Hoverboard ESC UART Protocol

typedef struct {
    uint16_t start;    // 0xABCD
    int16_t  speed;    // -1000 to 1000 (left)
    int16_t  steer;    // -1000 to 1000 (right)
    uint16_t checksum; // XOR of all bytes
} HoverboardCmd;
// 115200 baud, send at loop rate

Jetson → FC Protocol (simple custom)

typedef struct {
    uint8_t  header;   // 0xAA
    int16_t  speed;    // -1000 to 1000
    int16_t  steer;    // -1000 to 1000
    uint8_t  mode;     // 0=idle, 1=balance, 2=follow, 3=RC
    uint8_t  checksum;
} JetsonCmd;
// 115200 baud, ~50Hz from Jetson is plenty

PID Tuning

Param	Starting Value	Notes
Kp	30-50	Main balance response
Ki	0.5-2	Drift correction
Kd	0.5-2	Damping oscillation
Loop rate	1-8 kHz	Start at 1kHz, increase if needed
Max tilt	±25°	Beyond this = cut motors, require re-arm
JETSON_TIMEOUT_MS	200	Kill motors if Jetson stops talking
max_speed_limit	100	Start at 10% (100/1000), increase gradually
SPEED_TO_ANGLE_FACTOR	0.01-0.05	How much lean per speed unit

LED Subsystem (ESP32-C3)

Architecture

The ESP32-C3 eavesdrops on the FC→Jetson telemetry UART line (listen-only, one wire).
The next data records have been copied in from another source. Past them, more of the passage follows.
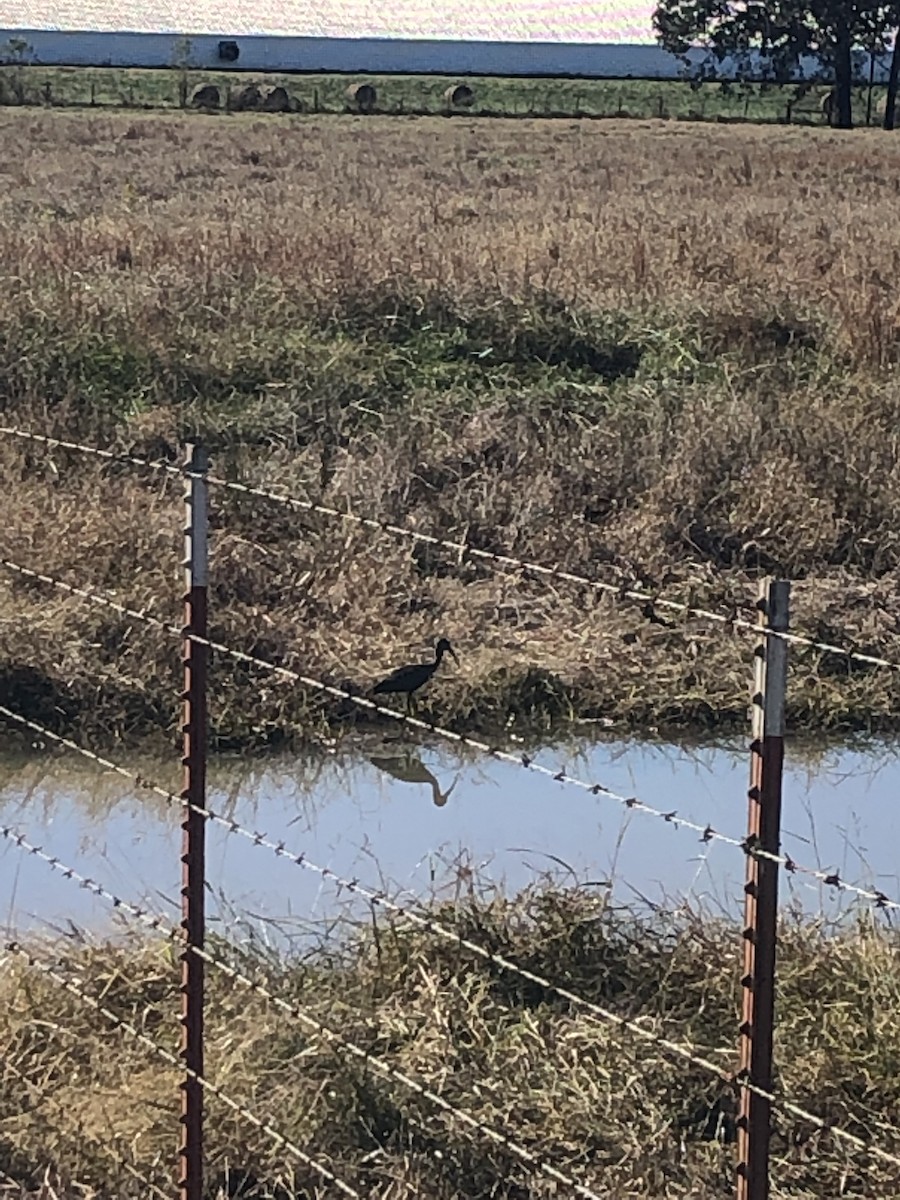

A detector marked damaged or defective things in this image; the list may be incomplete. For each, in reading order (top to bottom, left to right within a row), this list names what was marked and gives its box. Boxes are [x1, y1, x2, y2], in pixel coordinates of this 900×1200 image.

rusty fence post [182, 446, 212, 1200]
rusty fence post [740, 576, 788, 1192]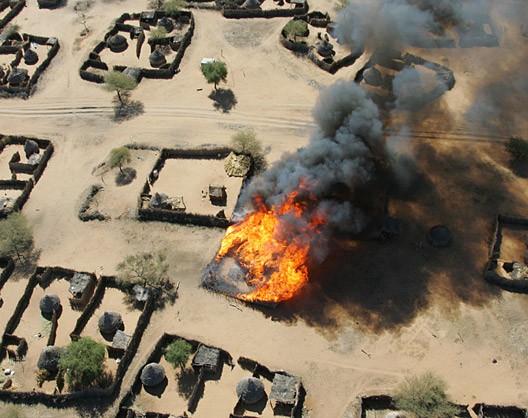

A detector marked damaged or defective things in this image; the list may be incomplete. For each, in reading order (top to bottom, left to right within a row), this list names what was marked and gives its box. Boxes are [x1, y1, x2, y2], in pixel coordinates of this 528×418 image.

burnt roof [270, 372, 300, 404]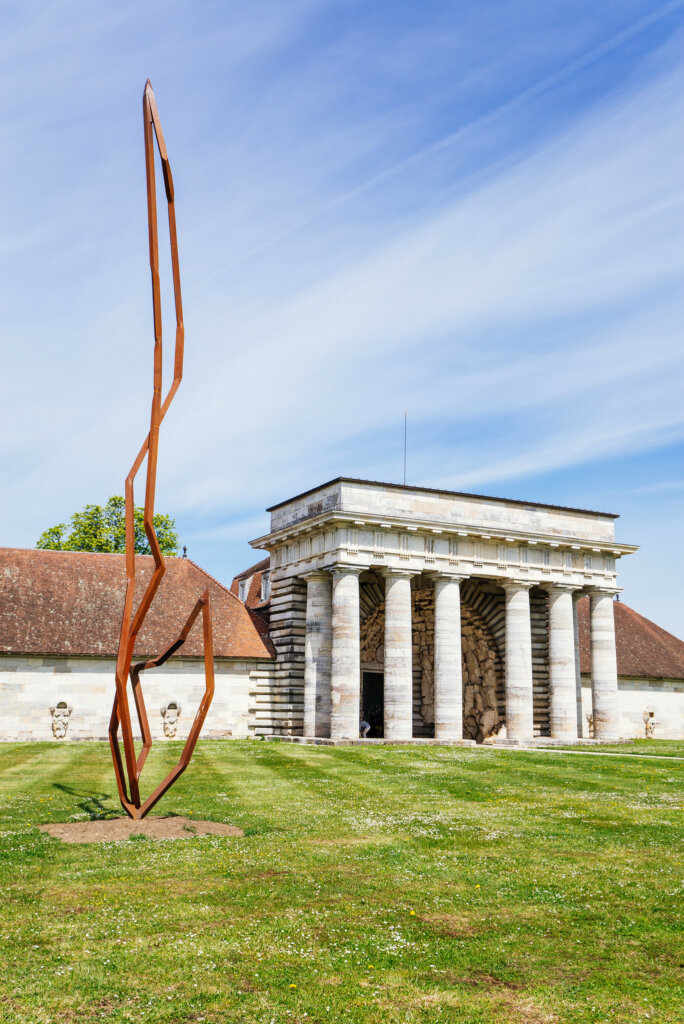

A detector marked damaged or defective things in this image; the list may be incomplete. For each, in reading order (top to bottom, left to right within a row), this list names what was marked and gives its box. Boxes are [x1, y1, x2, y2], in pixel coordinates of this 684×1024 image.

weathered rust patina [109, 80, 214, 820]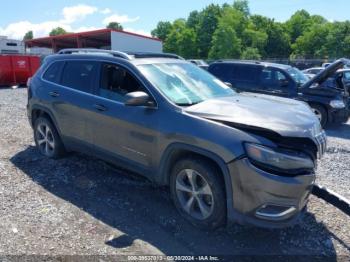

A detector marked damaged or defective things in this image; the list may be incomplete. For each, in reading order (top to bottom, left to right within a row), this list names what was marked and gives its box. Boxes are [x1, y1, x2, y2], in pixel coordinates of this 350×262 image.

crumpled hood [186, 92, 322, 137]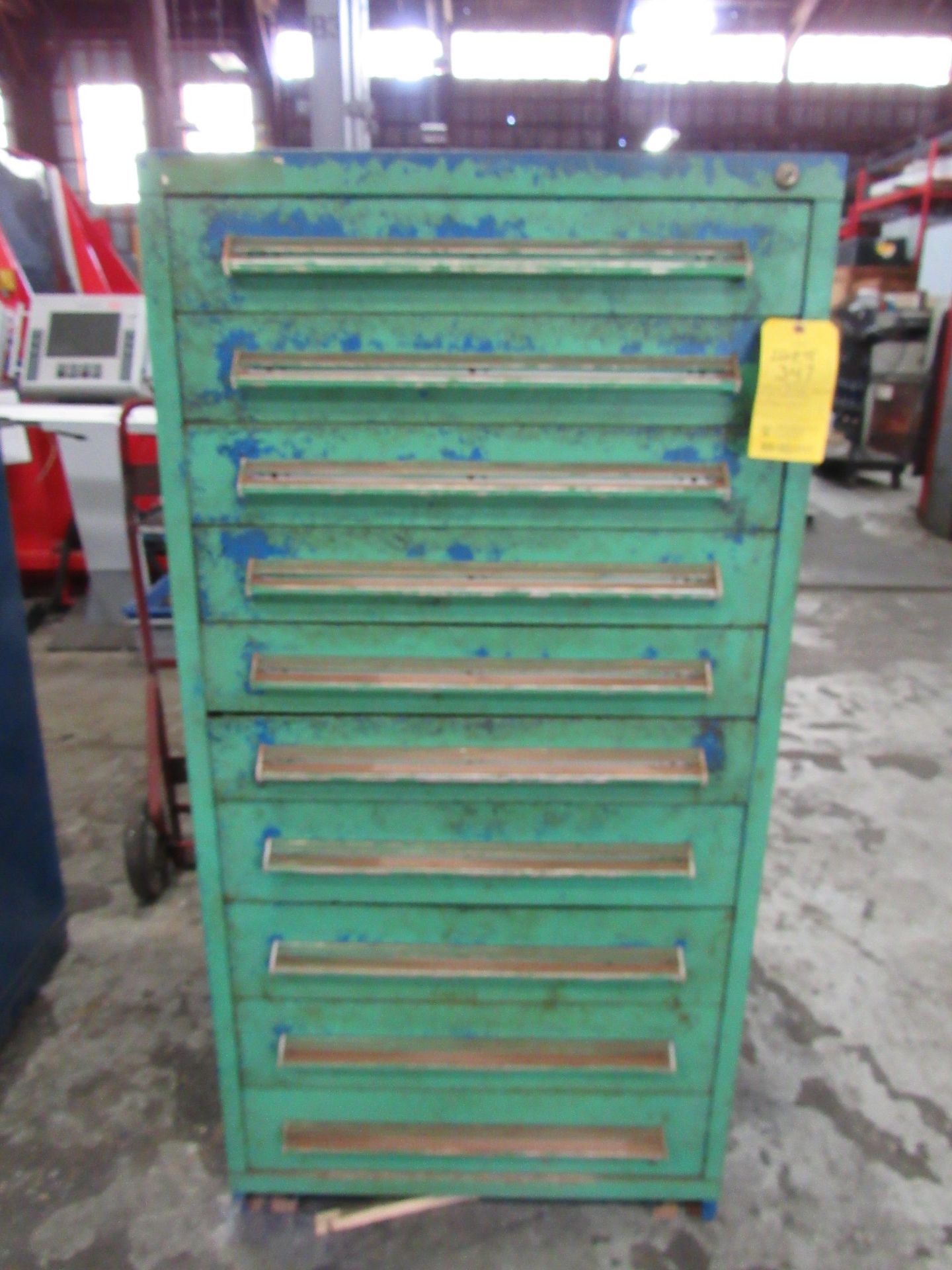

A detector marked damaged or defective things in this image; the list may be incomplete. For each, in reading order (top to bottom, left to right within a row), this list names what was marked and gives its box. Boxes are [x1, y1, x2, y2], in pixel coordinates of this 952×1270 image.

rusty drawer handle [222, 236, 751, 283]
rusty drawer handle [235, 457, 736, 495]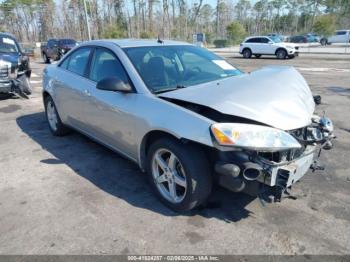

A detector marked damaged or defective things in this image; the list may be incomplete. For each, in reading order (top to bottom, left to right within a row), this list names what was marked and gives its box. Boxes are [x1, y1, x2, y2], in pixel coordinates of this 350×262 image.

damaged silver sedan [42, 40, 334, 212]
crumpled hood [161, 65, 314, 130]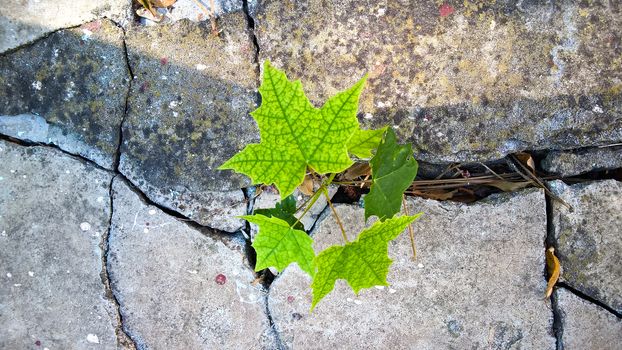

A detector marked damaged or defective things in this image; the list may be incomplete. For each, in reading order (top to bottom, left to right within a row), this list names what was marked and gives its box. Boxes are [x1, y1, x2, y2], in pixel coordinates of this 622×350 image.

pavement crack [103, 175, 139, 350]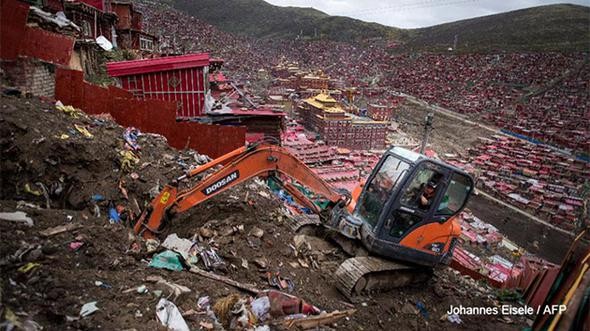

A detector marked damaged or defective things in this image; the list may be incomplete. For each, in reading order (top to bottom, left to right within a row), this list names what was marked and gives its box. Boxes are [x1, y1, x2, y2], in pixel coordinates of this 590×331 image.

broken wood plank [191, 268, 260, 296]
broken wood plank [280, 310, 356, 330]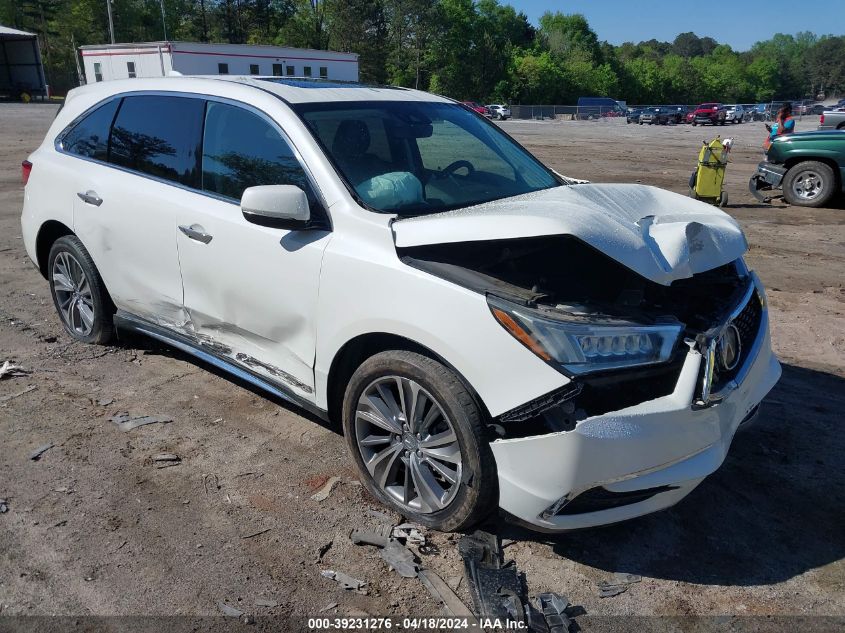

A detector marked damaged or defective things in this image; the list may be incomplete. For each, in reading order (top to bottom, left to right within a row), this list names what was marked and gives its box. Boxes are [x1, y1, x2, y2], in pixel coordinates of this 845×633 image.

crumpled hood [392, 184, 748, 286]
broken trim piece [114, 310, 330, 420]
damaged front end [398, 232, 780, 528]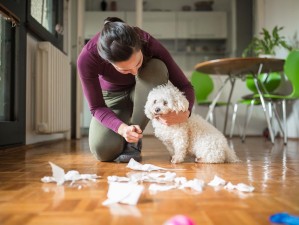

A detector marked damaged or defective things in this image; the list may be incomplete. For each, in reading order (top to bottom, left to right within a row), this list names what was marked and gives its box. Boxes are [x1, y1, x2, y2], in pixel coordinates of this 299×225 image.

No extra UART needed on the FC — zero firmware change.

FC UART1 TX ──┬──→ Jetson RX
              └──→ ESP32-C3 RX (listen-only, same wire)
                   │
                   └──→ WS2812B strip (via RMT peripheral)

Telemetry Format (already sent by FC at 50Hz)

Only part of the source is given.